I do want address your question directly about Justified’s quality. It has run concurrently with Mad Men, Breaking Bad, The Americans, Game of Thrones, Orange is the New Black and Boardwalk Empire, all of which I love, and which I might rank higher. Here’s the thing though: Justified is most definitely in the conversation with those shows. We can’t forget about season five, or about some of those early “finding its footing” moments that most shows go through, but it’s been pretty consistent in quality. I wouldn’t call it the best show on TV, though it’s got a decent chance if you mean best (non-Netflix/Amazon) show currently airing its season. If you do, than its only major competition, in my opinion, is The Americans…and Game of Thrones for one week this April. Maybe we can put it in perspective whenever we get around to a full-series discussion…ten years from now.
Line of the Night
Patches: “You understand me, Earl? I’m gonna shoot your dick off.” –Raylan explaining to Earl how their standoff was going to go down.
Jeff: “Come to it, I guess you ain’t all that big now. Grown, but still just playing pretend.” –Avery Markham puts Boyd in his place.

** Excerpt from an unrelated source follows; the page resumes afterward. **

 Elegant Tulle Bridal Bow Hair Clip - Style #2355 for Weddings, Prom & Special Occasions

Patches: What’s the over/under of mastermind antagonists at the end of the season? Everyone’s henchmen have to be as good as dead. It’s just a question of who is going to kill them and who they are going to kill first. Can more than one (or any) of Markham, Katherine, Wynn, and Boyd survive? Their interests seem pretty darn opposed.

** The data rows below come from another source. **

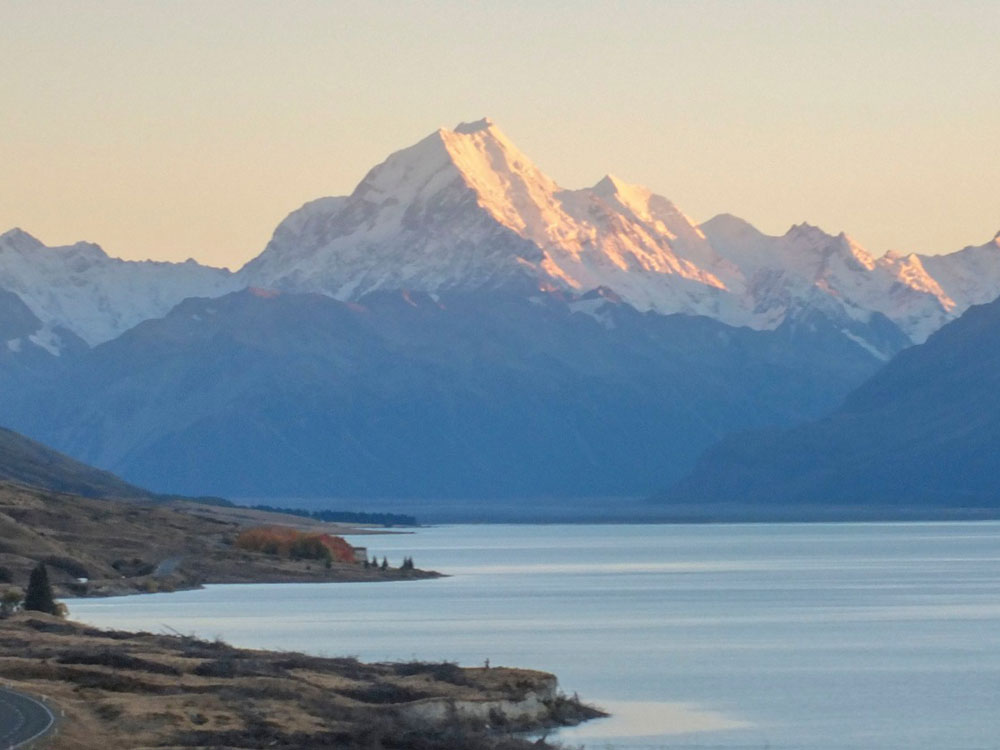 View looking over Lake Pukaki towards Mt Cook covered in winter snow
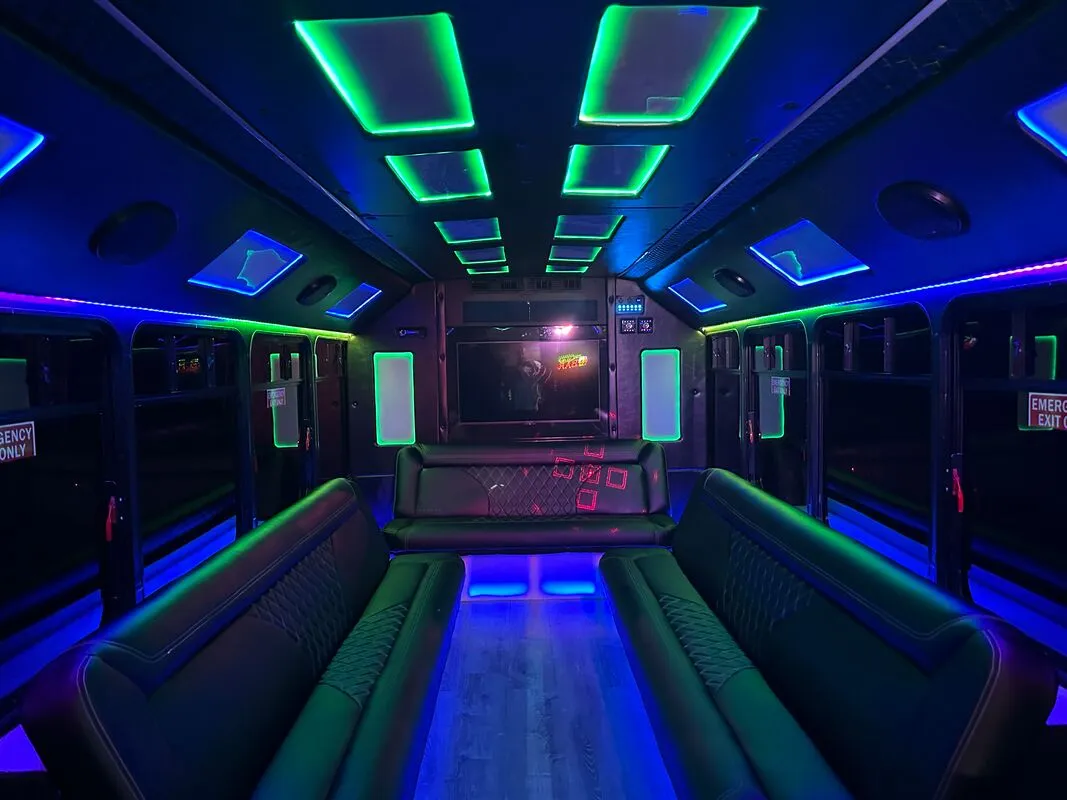 Ford E-450 Series Party Bus interior with perimeter lounge seating, LED accent lighting and LED ceiling lighting for party bus rental in North Attleboro, MA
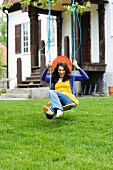 Young woman on swing in garden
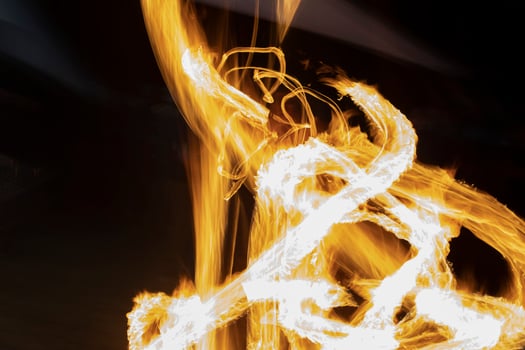 Lines of fire on black background. Flames in dark. photo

Jeff: I’ll piggyback on you. Lots of big fish in the small pond of Harlan. I want to know whether Boyd Crowder can really be smarter than everyone else. Maybe just luckier.
Jeff: No Tim and no Art make Jeff something something. Who is a better partner for Raylan, Tim or Rachel?
Patches: Rachel is the far better partner. I’d still rather watch Tim and Raylan, however. So much unrepentant assholery packed into one vehicle.
Patches: This henchman powwow brought to you by Windows! Was that the most obnoxious product placement in Justified history?
Jeff: It honestly didn’t bother me, even on rewatch. Not quite as fun as Boyd wanting to open a Dairy Queen though.
Jeff: Would someone threatening Ava actually stop Boyd? How about after she shows him her bullet scar (among other things)?
Patches: Maybe? I think his feelings for Ava are sincere, but he’s also too smart to be taken in by anyone’s feminine wiles.
Patches: Now that we’ve seen Wynn Duffy in a thong, what unexpected-but-totally-believable combination of character and underwear is next?
Jeff: Ty Walker in a sequined bra. Call me a peacock, will you?
Jeff: How sad will you be when Choo-Choo dies? Would you feel better if he died fighting a train?
Patches: Inconsolable, unless it’s done by Constable Bob Sweeney cooking up some beef stew. #YOLO!
Patches: Do you still have your “Letterman Jacket?”
Jeff: From that time I saw the Late Show? Honestly, I don’t remember it being a big thing at my school, or at least I never had an interest in it. I did letter in band though! Do kids still care about that kind of thing?